When it comes to whether or not you should give your child an allowance, parents’ beliefs are all over the spectrum. Some believe an allowance is the only way to teach your child about responsible spending while others claim that an allowance will spoil your child. Who is right? Is an allowance spoiling your kids?

Is_allowance_spoiling_kidsBefore I had children I was convinced that there was a right way to parent and a wrong one. Then my little girl arrived and suddenly all my views of parenting were turned on end. Maybe an allowance is spoiling your kids, but in a different situation a lack of allowance could cause the same destructive damage. Teaching your children about money, just like every other parenting choice, is very subjective. What works for one person might not work for another.

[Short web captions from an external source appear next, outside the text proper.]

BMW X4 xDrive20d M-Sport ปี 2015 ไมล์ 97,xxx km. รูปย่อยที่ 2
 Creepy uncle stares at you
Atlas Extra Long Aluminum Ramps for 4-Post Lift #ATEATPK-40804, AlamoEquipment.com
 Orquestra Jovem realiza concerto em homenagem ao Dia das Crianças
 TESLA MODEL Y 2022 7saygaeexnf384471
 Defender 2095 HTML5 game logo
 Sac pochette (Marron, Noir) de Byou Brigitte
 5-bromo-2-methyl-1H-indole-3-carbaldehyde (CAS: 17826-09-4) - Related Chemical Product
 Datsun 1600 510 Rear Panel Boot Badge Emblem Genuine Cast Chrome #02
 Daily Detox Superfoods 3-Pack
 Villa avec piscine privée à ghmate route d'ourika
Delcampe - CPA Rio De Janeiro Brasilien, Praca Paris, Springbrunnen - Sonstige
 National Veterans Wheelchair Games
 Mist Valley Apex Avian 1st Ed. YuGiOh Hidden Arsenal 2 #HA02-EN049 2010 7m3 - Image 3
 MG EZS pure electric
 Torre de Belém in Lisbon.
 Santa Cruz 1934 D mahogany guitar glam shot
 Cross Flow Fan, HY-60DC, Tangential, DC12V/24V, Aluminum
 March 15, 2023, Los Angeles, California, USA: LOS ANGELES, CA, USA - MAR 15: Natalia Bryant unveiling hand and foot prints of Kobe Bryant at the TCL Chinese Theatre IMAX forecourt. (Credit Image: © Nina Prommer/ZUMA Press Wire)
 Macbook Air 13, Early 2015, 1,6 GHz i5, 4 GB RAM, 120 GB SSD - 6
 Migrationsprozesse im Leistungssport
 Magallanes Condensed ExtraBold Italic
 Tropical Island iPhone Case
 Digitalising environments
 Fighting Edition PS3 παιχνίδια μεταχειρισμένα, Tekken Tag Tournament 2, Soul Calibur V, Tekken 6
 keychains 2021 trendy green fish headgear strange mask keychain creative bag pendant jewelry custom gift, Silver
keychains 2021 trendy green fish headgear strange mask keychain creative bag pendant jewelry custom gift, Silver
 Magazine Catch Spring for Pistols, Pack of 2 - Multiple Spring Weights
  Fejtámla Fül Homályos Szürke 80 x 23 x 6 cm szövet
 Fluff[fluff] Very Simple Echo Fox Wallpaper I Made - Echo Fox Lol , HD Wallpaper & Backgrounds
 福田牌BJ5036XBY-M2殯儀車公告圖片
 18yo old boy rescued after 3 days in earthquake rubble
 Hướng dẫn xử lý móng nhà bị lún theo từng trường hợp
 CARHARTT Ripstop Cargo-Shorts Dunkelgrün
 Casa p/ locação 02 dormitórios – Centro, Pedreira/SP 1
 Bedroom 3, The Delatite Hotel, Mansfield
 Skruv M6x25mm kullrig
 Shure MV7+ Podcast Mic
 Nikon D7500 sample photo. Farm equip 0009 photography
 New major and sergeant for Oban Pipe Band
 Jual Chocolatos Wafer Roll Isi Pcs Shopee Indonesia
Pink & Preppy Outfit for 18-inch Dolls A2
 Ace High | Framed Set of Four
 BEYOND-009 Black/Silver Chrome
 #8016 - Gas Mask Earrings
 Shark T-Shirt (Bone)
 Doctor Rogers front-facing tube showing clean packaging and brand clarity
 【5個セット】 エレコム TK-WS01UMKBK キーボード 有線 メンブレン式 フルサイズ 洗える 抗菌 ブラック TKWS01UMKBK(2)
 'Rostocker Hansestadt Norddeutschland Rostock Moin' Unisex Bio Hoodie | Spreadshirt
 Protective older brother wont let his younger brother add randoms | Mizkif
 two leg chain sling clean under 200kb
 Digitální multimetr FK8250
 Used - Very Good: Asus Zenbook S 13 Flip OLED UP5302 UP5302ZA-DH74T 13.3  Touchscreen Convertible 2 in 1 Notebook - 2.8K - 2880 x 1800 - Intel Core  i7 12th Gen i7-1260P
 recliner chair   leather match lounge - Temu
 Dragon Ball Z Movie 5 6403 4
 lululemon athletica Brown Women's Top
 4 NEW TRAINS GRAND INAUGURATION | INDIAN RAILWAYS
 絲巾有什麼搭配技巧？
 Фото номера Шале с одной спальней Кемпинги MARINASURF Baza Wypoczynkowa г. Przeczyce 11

That said, it is important to give your children the right sense about how to handle money. Here are some tips for teaching your children, whether or not you choose to offer an allowance.

Start Young

When should you start teaching your child about money? At five? Six? Even before you start sitting your child down and talking about money they are learning about it through your actions and example. Start teaching your child about money from an early age. The sooner you start teaching, the sooner they can begin to understand the value of money and where it comes from.

Different financial lessons will be appropriate at different stages in your child’s life. A two or three year old may be able to understand, “We aren’t going to buy that today,” while an older child might benefit from learning about budgeting at the grocery store or learning how he has to forgo one luxury in order to be able to get another.

Teach by Example

Are you a spender or a saver? Odds are your child will learn their spending patterns from you. Set a good example for your child by showcasing responsible spending. Let them see you paying bills, searching for bargains and visiting the bank. It might not seem like you are teaching them, but every time you interact with money, you teach your child by example, whether or not you intend to.

Encourage Saving

Our struggling economy is a great reminder of the importance of saving. Teaching your child to save from an early age will better prepare them for life and a sound financial future. One of the first things I bought for my child was a piggy bank. This wasn’t just a cute décor piece for her bedroom, but a representation of the importance that I plan on placing on saving as she grows.

Each Child is Different

I grew up in a family of three children and financially we are nothing alike. I am sure that this phenomenon exists in many families around the country and the world. One of the best ways to teach your child about money is to tailor your teaching to your child’s unique needs. Learn what strategies will be effective for each child and then put them into practice. For example some children are highly motivated by objects like a new video game system or outfit. These children may learn to save by working to earn enough to make their desired purchase. Other children love to save and may benefit from parental advice and guidance on investing or the stock market. You know your kids; don’t feel like you have to conform to someone else’s financial ideas. Teach your kids to be smart about money, but teach them in a way they will understand.

The allowance debate is a hot topic in the parenting world, but more important than whether or not you give your child an allowance is taking the time to teach your child about money.